TASK REQUIREMENTS — Restate all the data word for word and omit the pictures.

DATASET SECTION —
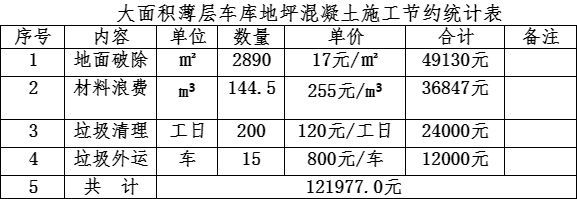 混凝土施工秘籍告别车库地IM电竞坪裂缝！(图13)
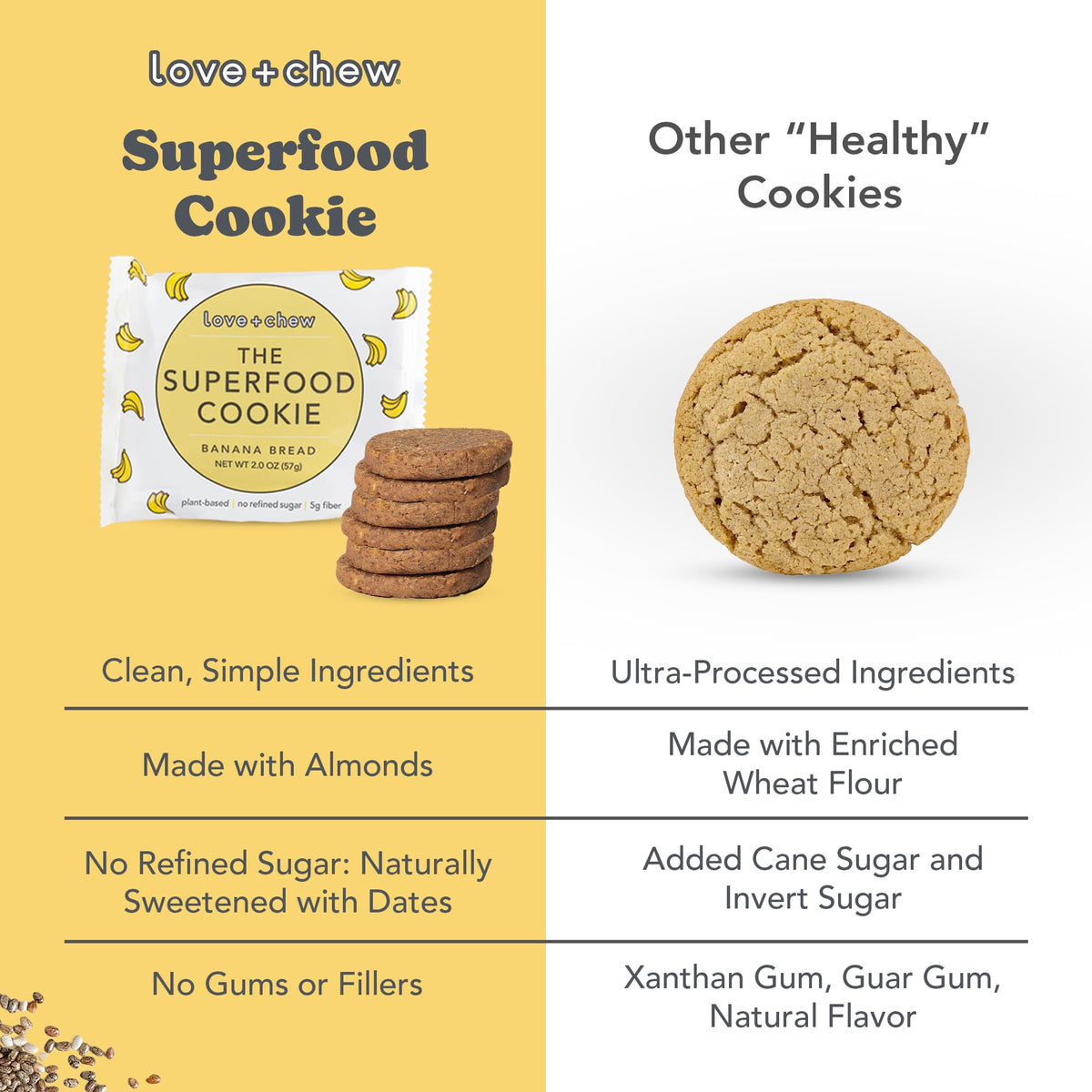 Love + Chew ingredients highlight almonds, almond butter, and chia for a plant-based bite.
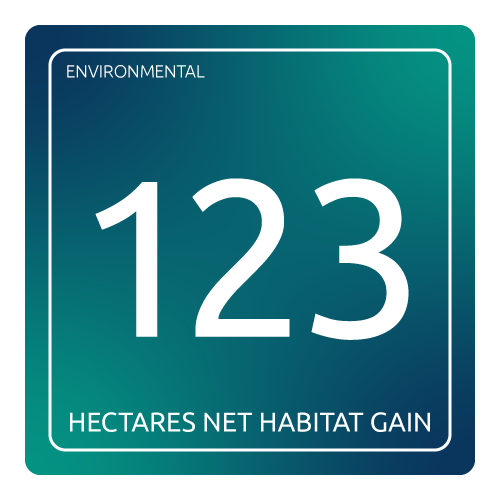 Hectares Habitat@0.5x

ANSWER BOX —
 混凝土施工秘籍告别车库地IM电竞坪裂缝！(图13)
 Love + Chew ingredients highlight almonds, almond butter, and chia for a plant-based bite.
 Hectares Habitat@0.5x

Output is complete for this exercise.